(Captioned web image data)
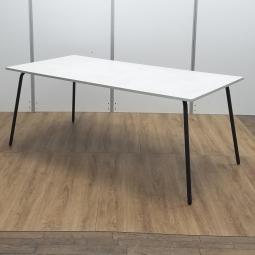 ★【T3】【商品入替のため、残り2台限り】イトーキ製　木目ホワイト※アッシュドパイン　4本脚　W1800xD900xH720サイズ　会議テーブルや作業台などで使える便利なサイズ感のテーブル　W1800ミーティングテーブル！！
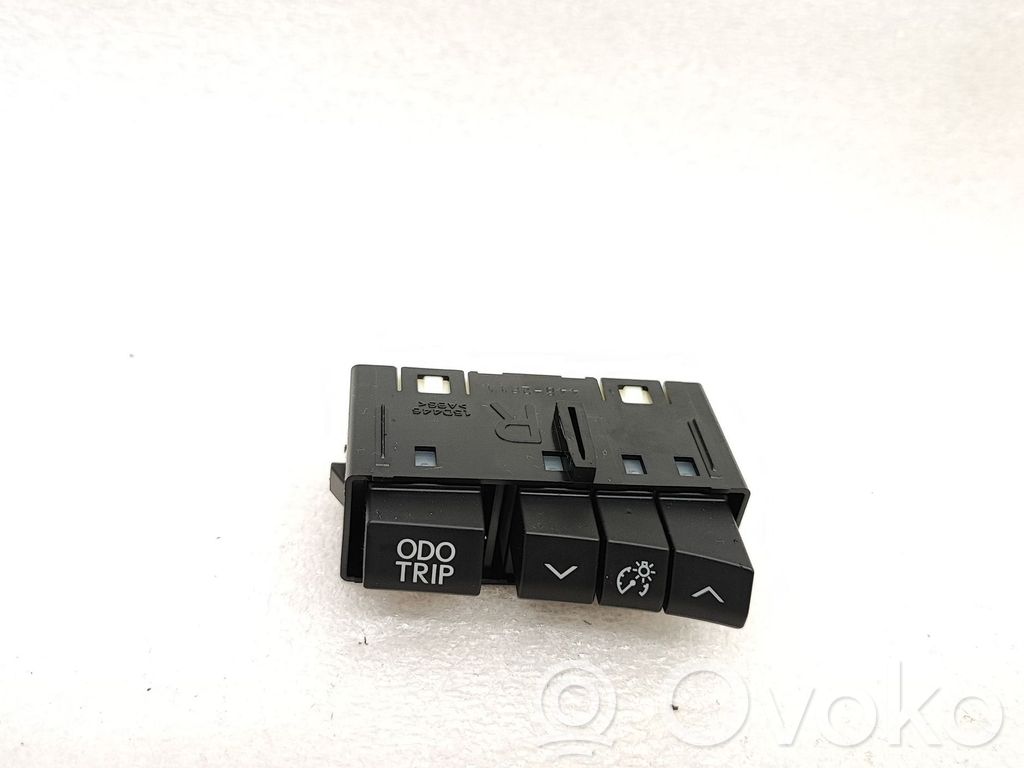 Panel lighting control switch   15D446
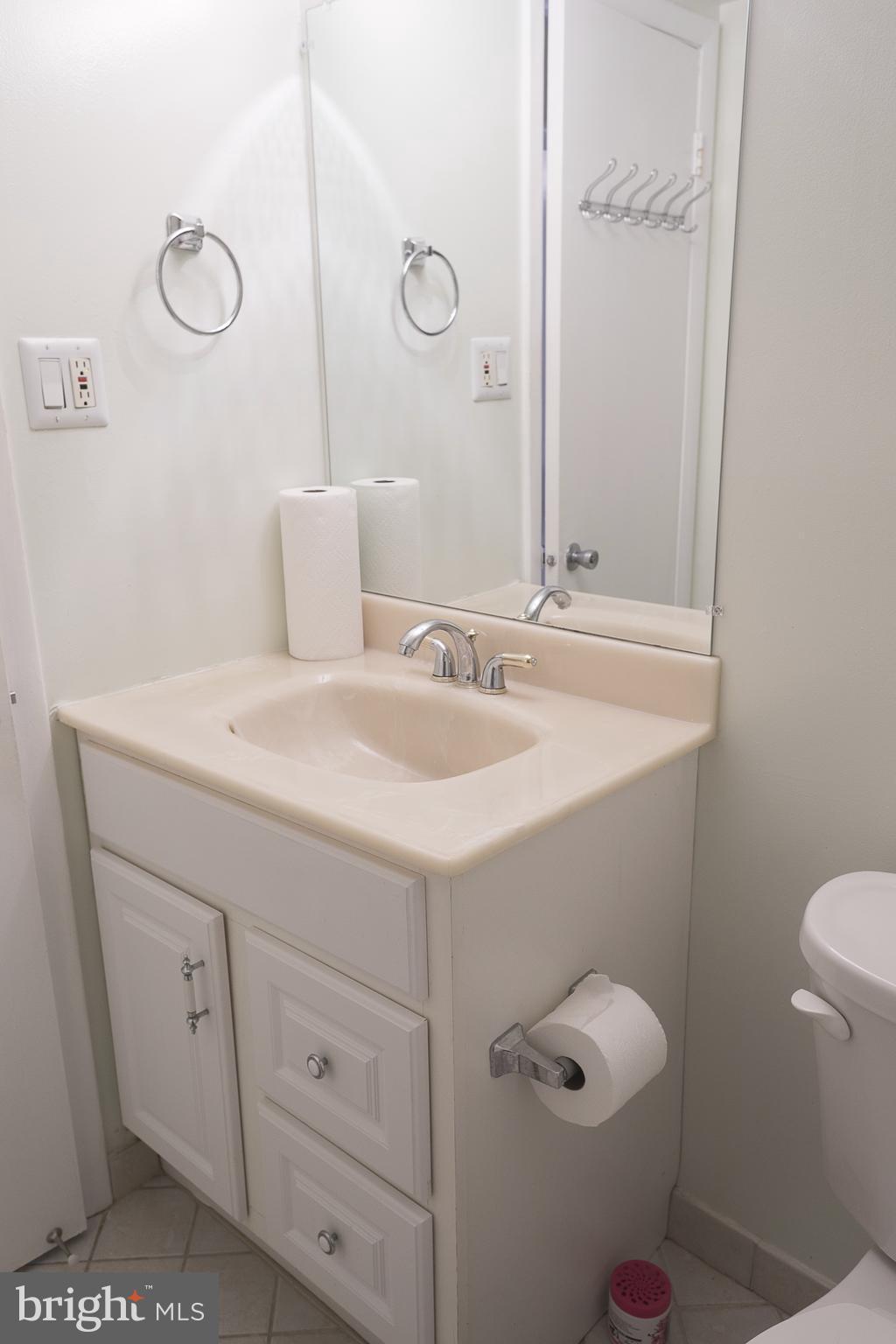 6250 Edsall Road, Unit 102 Alexandria, VA 22312 - Photo 13 of 18 Bath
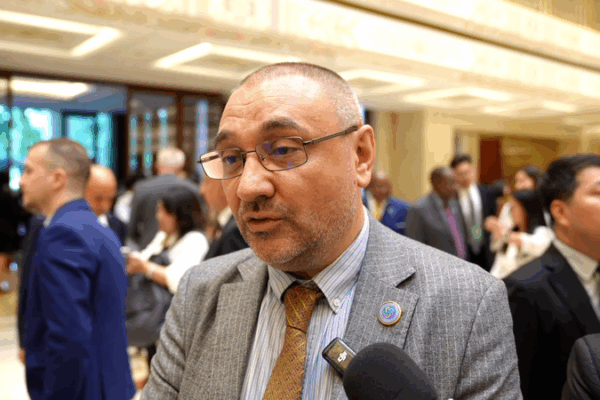 Bulgarian Official Champions Peace at Beijing Global Dialogue 🌍✌️ Bulgarian Official Champions Peace at Beijing Global Dialogue 🌍✌️ video poster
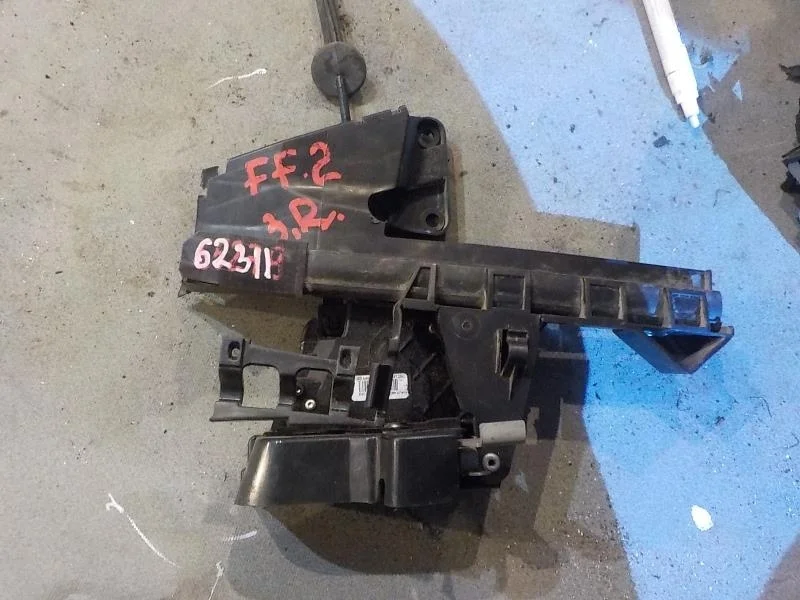 Замок двери Ford Focus I рестайлинг (2001—2007) Зад Право
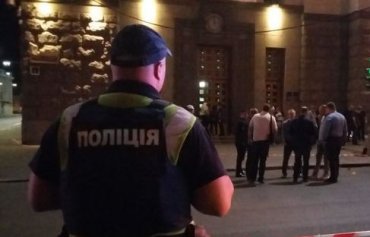 В Харькове у здания горсовета произошла стрельба – убит полицейский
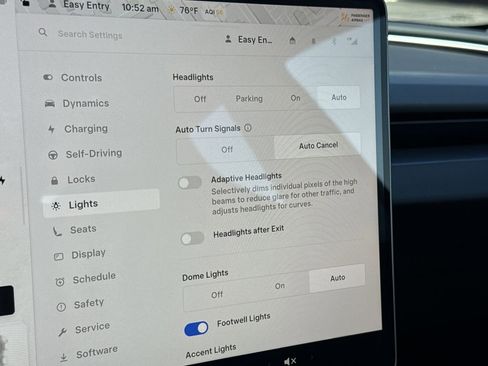 Used 2024 Tesla Model 3 Performance image 27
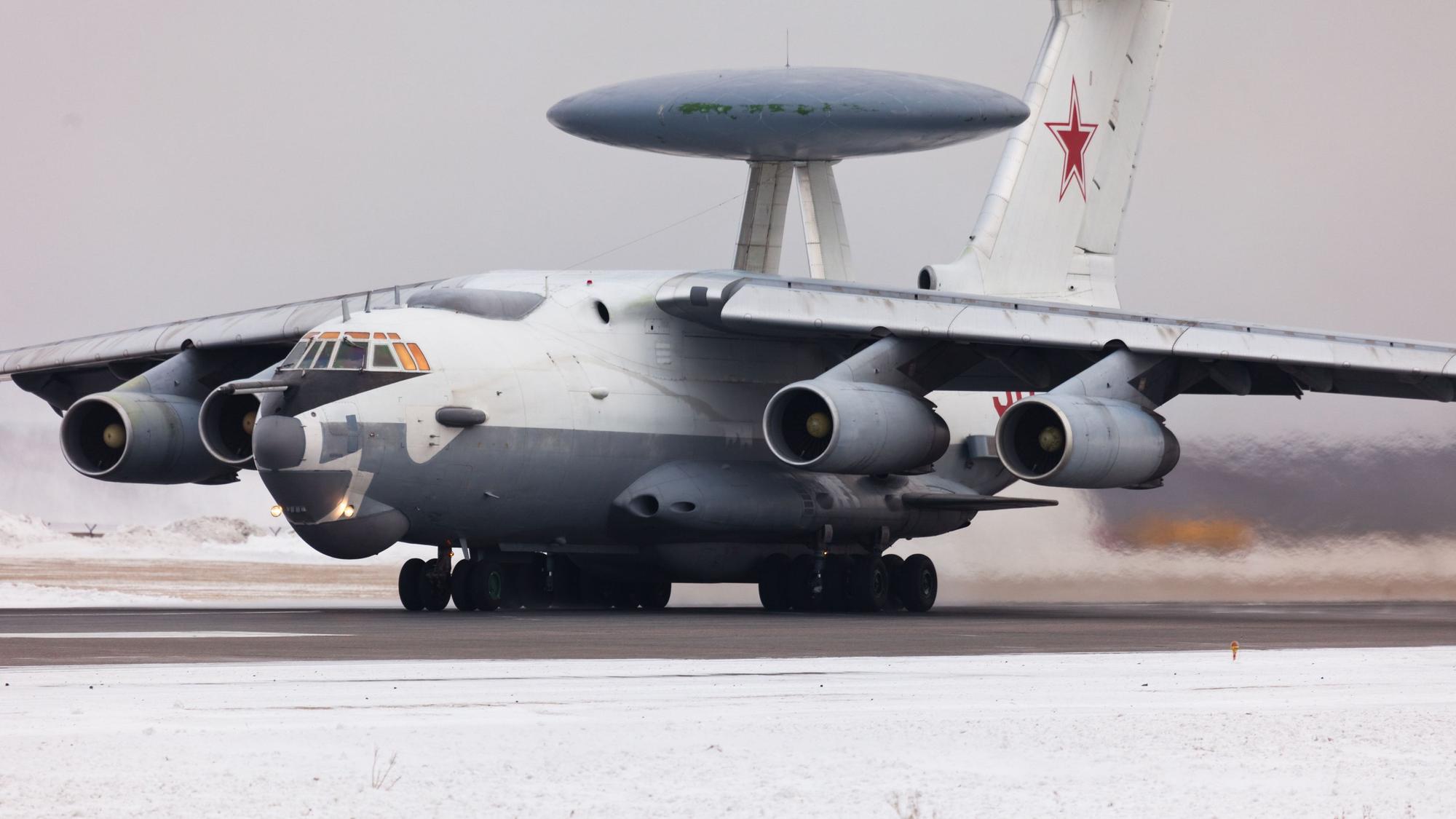 Ein russisches Aufklärungsflugzeug des Typs A50U in Nowosibirsk (Archivbild)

| Problem statement |
Your copy should hold only the lines running from the one that contains "В Харькове у" through the final line of the data; transcribe them exactly, both ends included, and leave pictures out.

| Answer to the problem |
 В Харькове у здания горсовета произошла стрельба – убит полицейский
 Used 2024 Tesla Model 3 Performance image 27
 Ein russisches Aufklärungsflugzeug des Typs A50U in Nowosibirsk (Archivbild)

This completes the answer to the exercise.